* [Records for this task]:
□ □ □ □

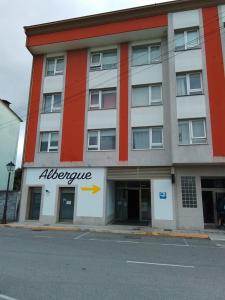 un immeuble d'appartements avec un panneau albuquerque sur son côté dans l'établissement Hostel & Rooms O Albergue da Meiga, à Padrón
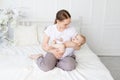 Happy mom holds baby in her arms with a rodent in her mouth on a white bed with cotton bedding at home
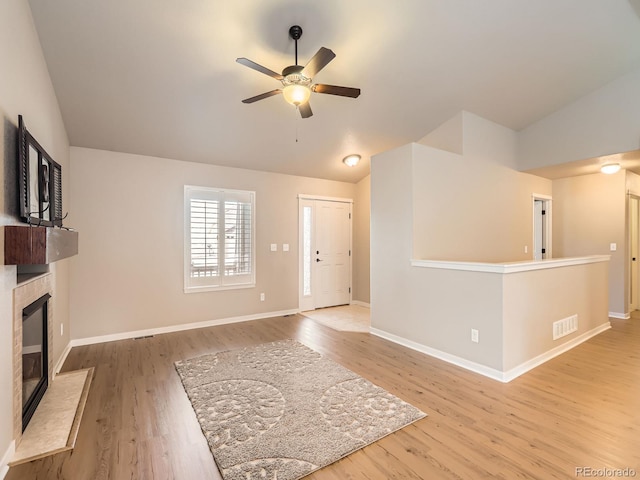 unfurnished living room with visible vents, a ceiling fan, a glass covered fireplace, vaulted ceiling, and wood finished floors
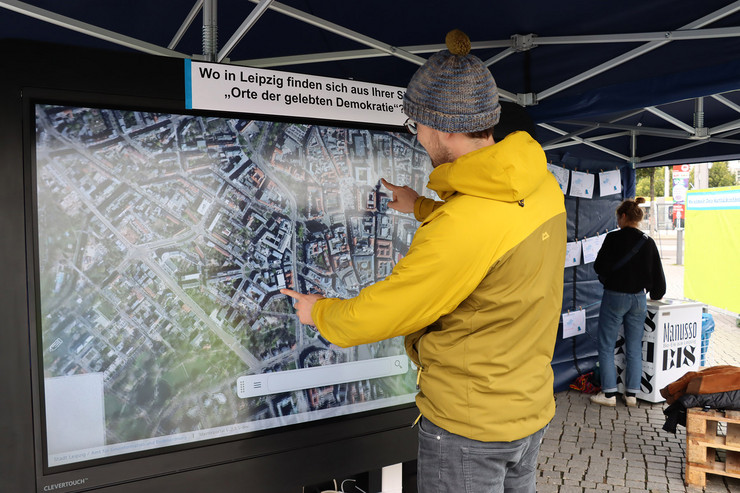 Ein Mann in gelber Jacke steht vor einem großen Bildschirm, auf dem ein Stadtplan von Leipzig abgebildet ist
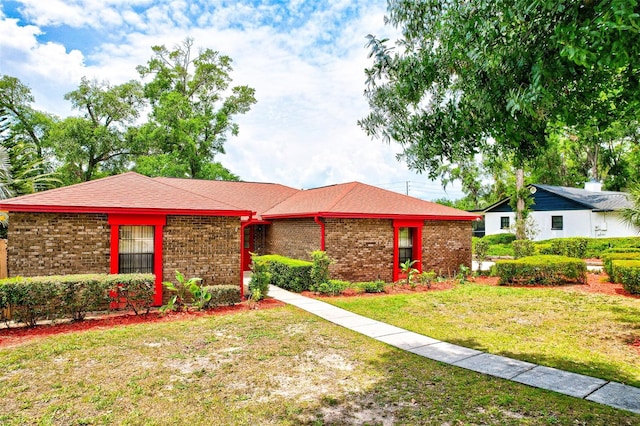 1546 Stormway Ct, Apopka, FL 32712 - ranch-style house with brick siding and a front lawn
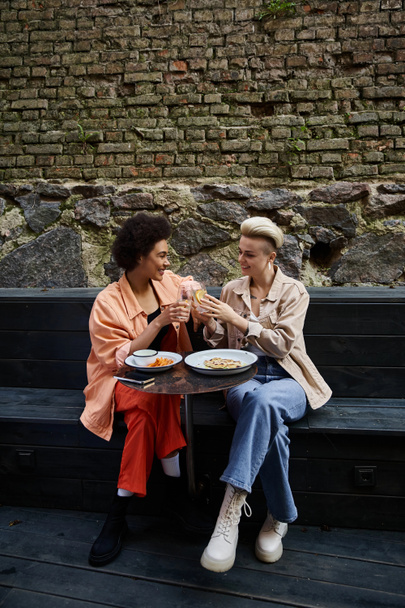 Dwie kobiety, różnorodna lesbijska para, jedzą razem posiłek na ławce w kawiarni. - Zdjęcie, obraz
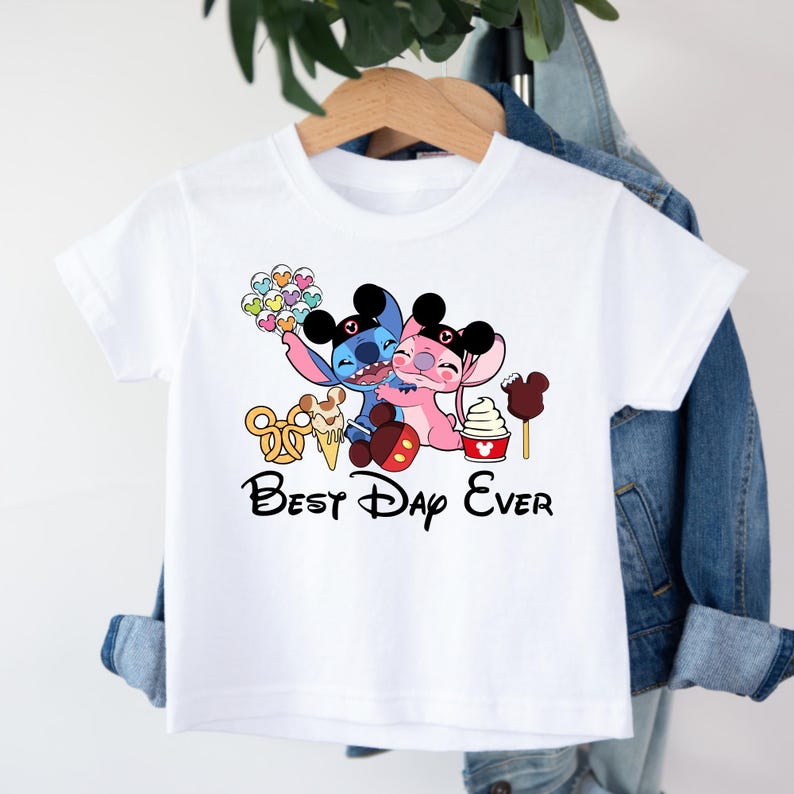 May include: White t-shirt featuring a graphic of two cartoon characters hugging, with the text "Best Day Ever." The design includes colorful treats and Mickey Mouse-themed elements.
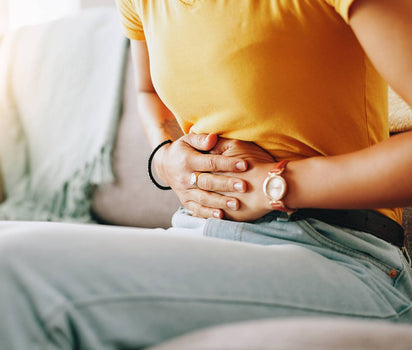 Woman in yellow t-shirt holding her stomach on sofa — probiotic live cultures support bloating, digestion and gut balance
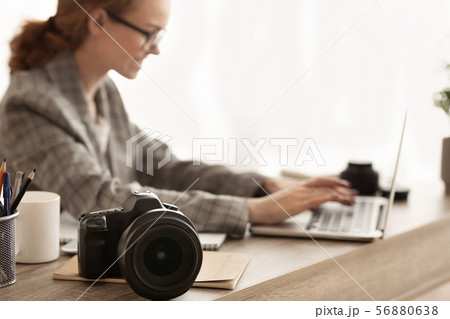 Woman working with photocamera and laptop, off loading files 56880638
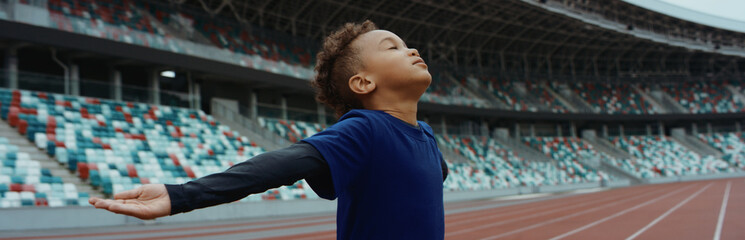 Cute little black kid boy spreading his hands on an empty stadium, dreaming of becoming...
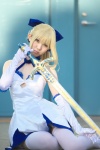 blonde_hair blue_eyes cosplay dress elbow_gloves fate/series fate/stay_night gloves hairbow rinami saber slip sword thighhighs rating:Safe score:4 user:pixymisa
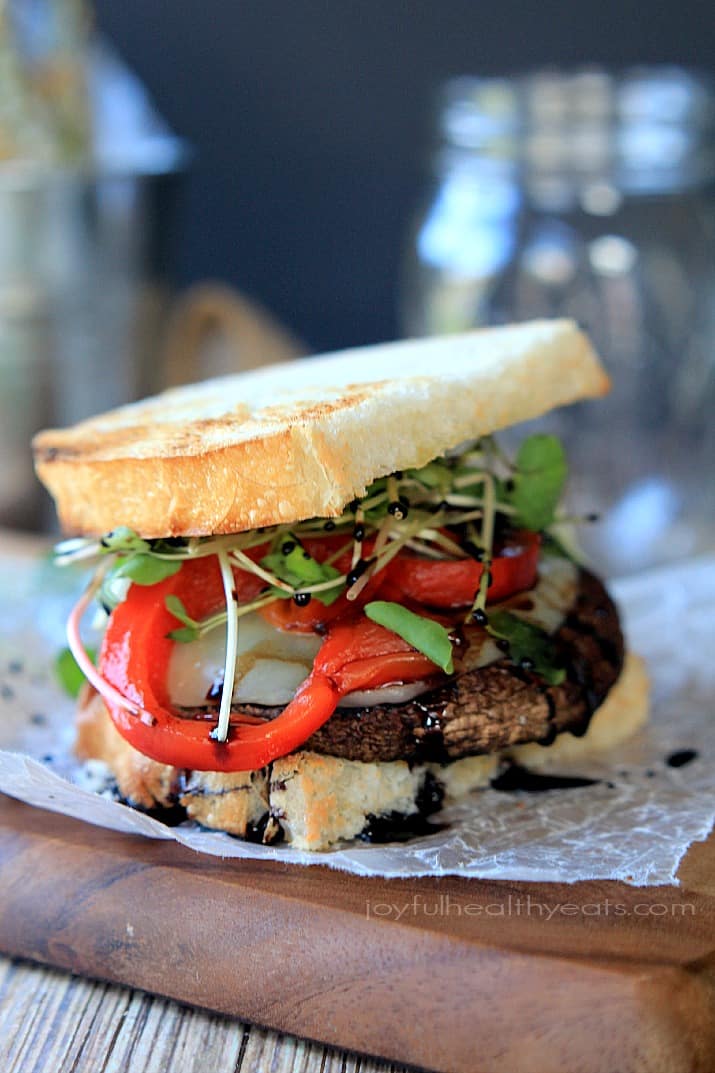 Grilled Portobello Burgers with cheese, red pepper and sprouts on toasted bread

□ □ □ □

* [Directions]: Restate word for word every line from the top of the entries above to the line with "Happy mom holds", inclusive, and skip any pictures.

* [Output for this task]:
 un immeuble d'appartements avec un panneau albuquerque sur son côté dans l'établissement Hostel & Rooms O Albergue da Meiga, à Padrón
 Happy mom holds baby in her arms with a rodent in her mouth on a white bed with cotton bedding at home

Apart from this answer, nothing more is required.